The stick-on sensor can present blood alcohol levels within 8 minutes (some other sweat analyzing techniques can take a few hours hours). Image credit: UC San Diego
The stick-on sensor can present blood alcohol levels within 8 minutes (some other sweat analyzing techniques can take a few hours hours). Image credit: UC San Diego
Technology

Temporary Tattoo-Like Patch Sends Alcohol Levels to Your Cell Phone

A small monitoring device that detects alcohol levels in perspiration has been developed by engineers funded by the National Institute of Biomedical Imaging and Bioengineering (NIBIB). The device, worn on the skin, was designed to monitor the alcohol intake of individuals conveniently. The engineers hope that this will help reduce unsafe drinking that can lead to violence, vehicle crashes and health degeneration of heavy drinkers.

Computing, electrical and nano engineers at the University of California, San Diego in La Jolla collaborated and combined their skills to design the small device that detects alcohol levels. It then sends the information to a cell phone or other monitoring system.

Seila Selimovic, Ph.D., and director of the NIBIB Program in Tissue Chips, explains that although the new technology looks like a temporary tattoo, it is actually a biosensor patch embedded with several flexible wireless components. One of the components releases a chemical that encourages perspiration on the skin below the patch, while another senses changes in the electrical current that flows through the generated sweat. The measured alcohol level is then sent to the user’s cell phone.
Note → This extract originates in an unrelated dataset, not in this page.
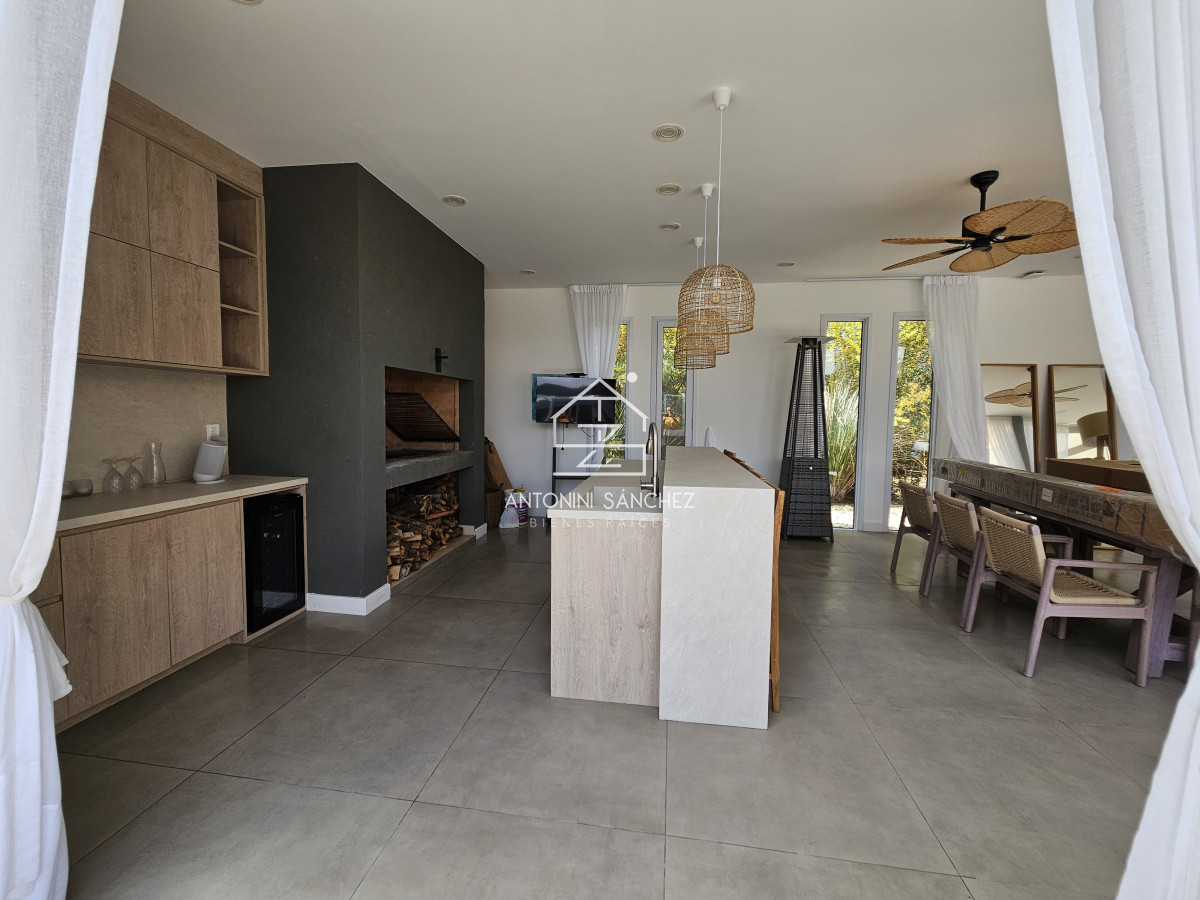 Casa ID.4865 - Increíble casa en Barrio Privado en Jose Ignacio 5 dormitorios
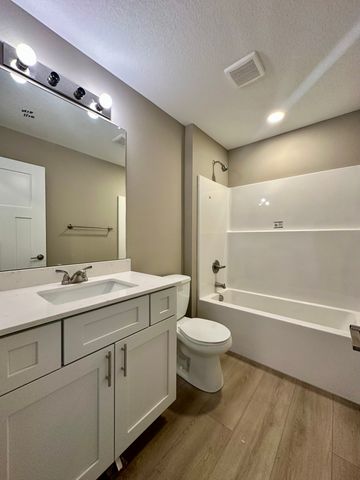 585 NW Georgetown Drive, Waukee, IA 50263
The wearable "tattoo" sensor uses a method called iontophoresis to induce perspiration. The sensor then measures the alcohol content and sends data to the cell phone. (Image Credit: American Chemical Society)
The wearable “tattoo” sensor uses a method called iontophoresis to induce perspiration. The sensor then measures the alcohol content and sends data to the cell phone. (Image Credit: American Chemical Society)

In the USA, around 88,000 people die from alcohol related causes each year. This includes the death toll from driving related incidents, which accounted for nearly 10,000 deaths in 2014. This major problem has been addressed by the use of breathalyzers or blood tests administered by law enforcement. The new monitor has the advantage of being unseen by others and non-invasive – features that could make it more attractive to individuals. The researchers believe that these features will ensure that the device has great possibilities for people to self-monitor their alcohol intake. It is hoped that this will result in them avoiding driving if they’ve had too much to drink.

Patrick Mercier, Ph.D. at UCSD’s Jacobs School of Engineering and co-senior author explains the advantages of their technology design by noting that although measuring alcohol in sweat has been tried before, it took between 2 and 3 hours for those technologies to measure the alcohol levels. The new wearable patch sends alcohol levels to the user’s smartphone in less than 10 minutes, making real time alcohol monitoring practical and personal.